Исповедь Гуры

            Приходит ли к нам когда-нибудь мысль, как невидимые нити связывают нашу поскотину в единое целое. Потяни одну ниточку, и она отзовется там, где трудно даже себе представить. Только время, порой безжалостно, рвёт эти связи, чтобы никогда не восстановить их.

Горят канские купеческие дома. Пожарные леденящими струями укрощают зловещие языки пламени, вырывающиеся изнутри кирпичных стен. Там уже обвалился потолок, здесь обгорели бревна, змеиным шипением издают свои последние вздохи. Отдельные головешки выброшены на дорогу: не дымят, не шипят, успокоились.

Я проезжаю мимо пожарища и ловлю себя на мысли: вот и нет теперь дома, из которого когда-то убежала в мою поскотину красавица Соломанида, дочь одного из известных в своё время канских купцов. Убежала, чтобы никогда сюда не вернуться. Её муж, офицер царской армии, в гражданскую перешёл на сторону красных. Отвоевав, он вернулся в Канск. Но жены уже не было. Она ушла с другим, молодым красавцем, энергичным крепышом Власом.
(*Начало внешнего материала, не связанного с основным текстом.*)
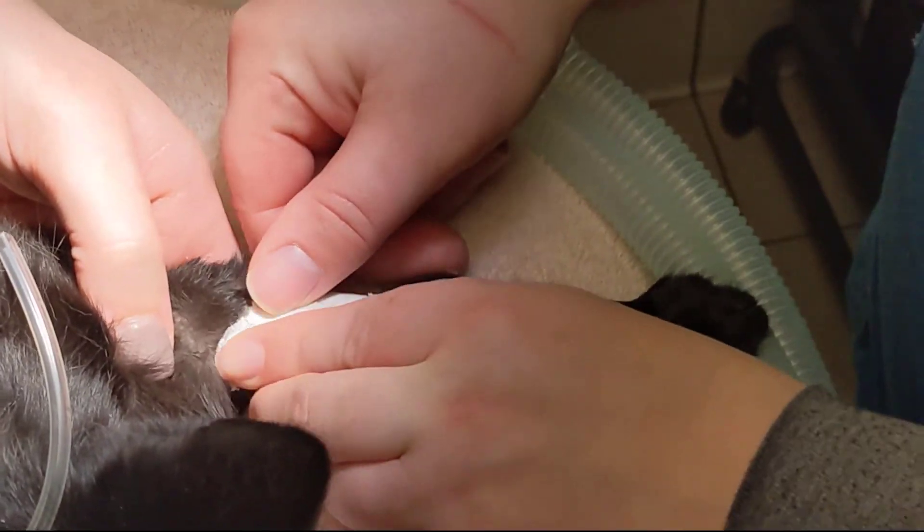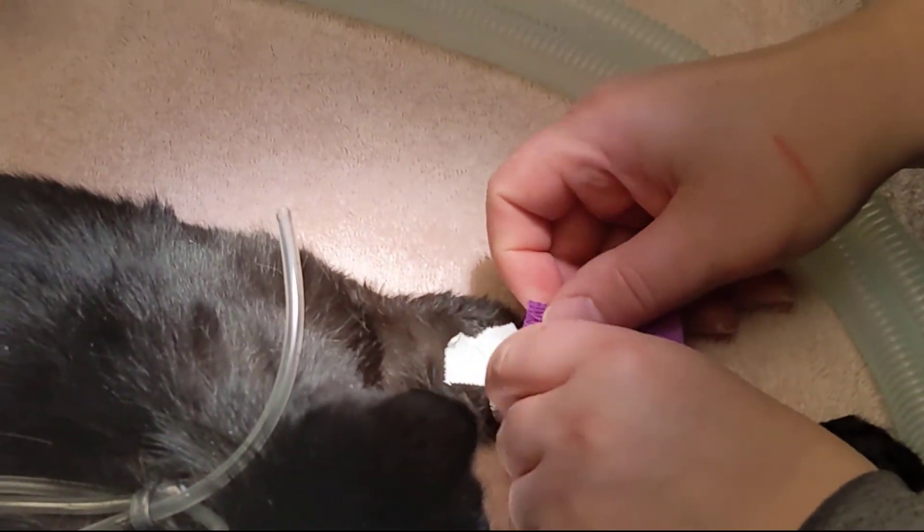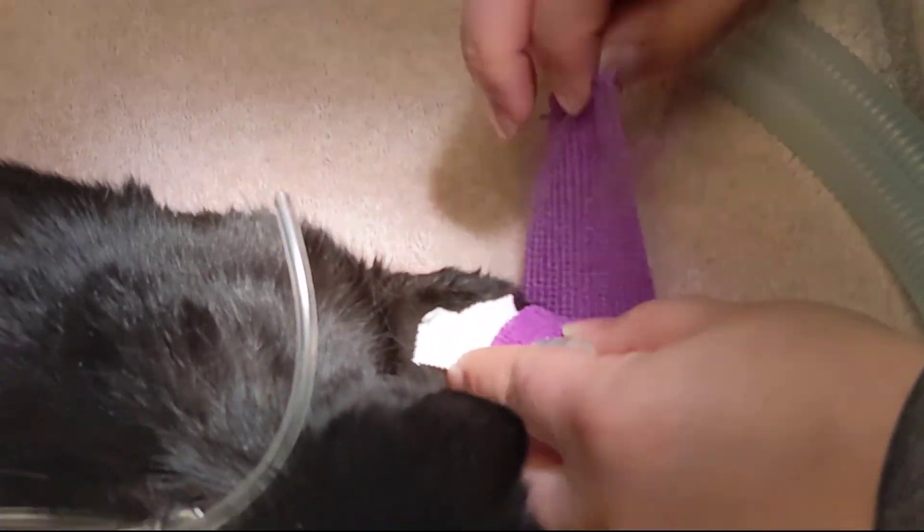If the catheter is not successfully placed, remove the catheter and try again farther up in the vein or on the animal's other front leg.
Поселилась молодая чета в таёжной глуши в версте от большой дороги на хуторе у деревни Аржаво. Хозяин соседнего хутора, Филипп Кудряшов занимался "ночным промыслом". В воровской среде его называли Гурой. Авласка, как теперь стали называть Власа, нового хуторянина, подружился с Гурой. Более того, они покумились. В деревне даже стали поговаривать, что Авласка сопричастен к "ночному промыслу" соседа.
Хуторская жизнь тяготила Соломаниду. Она часто наведывалась в деревню. Подружилась с моей бабушкой по матери, Матрёной Бабариной.

Еще в далёкие шестидесятые годы я весьма заинтересовался историей своей деревни. И, конечно же, трагедия Авласки и Соломаниды в ней занимала особое место. Многое я записывал в специальную тетрадь. Бабушка Матрёна, кроме отца и матери, была моим главным и основным рассказчиком.
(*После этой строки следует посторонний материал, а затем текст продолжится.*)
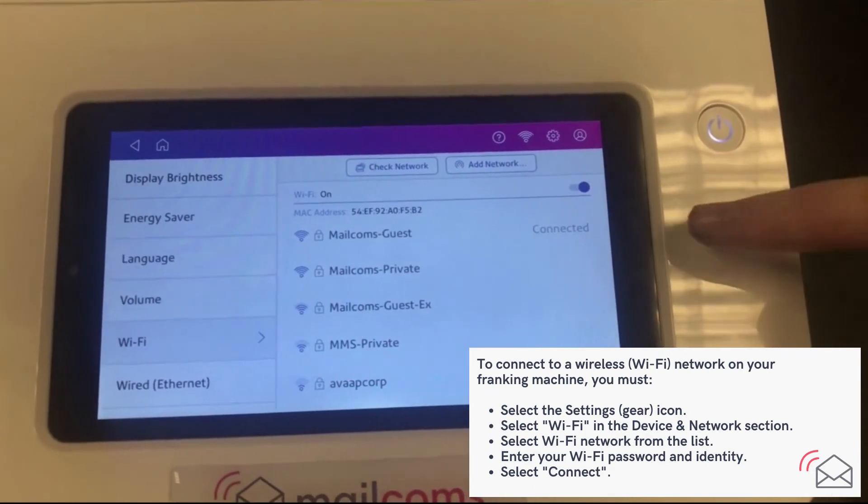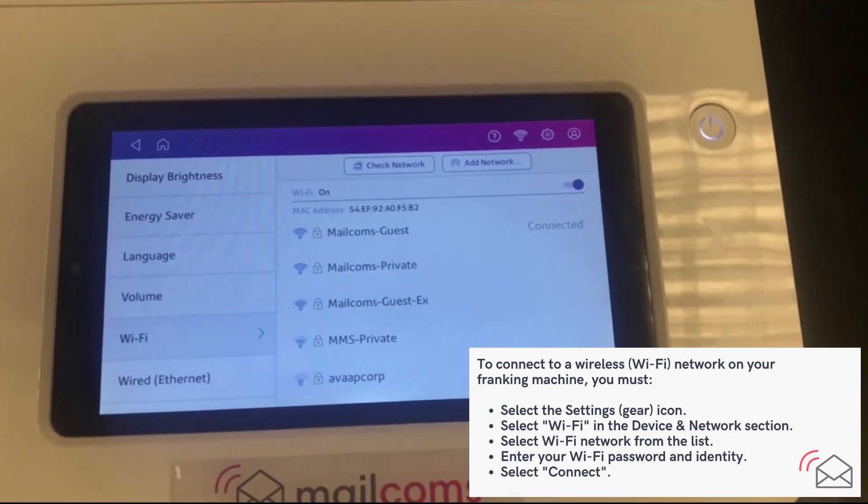As you can see, we are now connected to the Wi-Fi and your machine will be able to connect to the internet.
Надо отдать должное её памяти, она была великолепной. Её рассказы были образны, кроме того, достоверны. Их никто никогда не опровергал. "Соломанида была красивой молодушкой, небольшого росточку, полненькая. Часто приходила ко мне. Все гадала на картах. Бывало, раскинет их, а потом долго плачет, плачет". Что выпадало на картах красавице-молодушке, теперь можно догадаться. Предчувствовало её сердце беду, но не подсказало откуда её ждать: от первого мужа, вернувшегося с войны, или от кума-Кудряша.

Как бы ни было, а тревожное предчувствие заставило Авласку и Соломаниду сняться со своего гнезда и уехать.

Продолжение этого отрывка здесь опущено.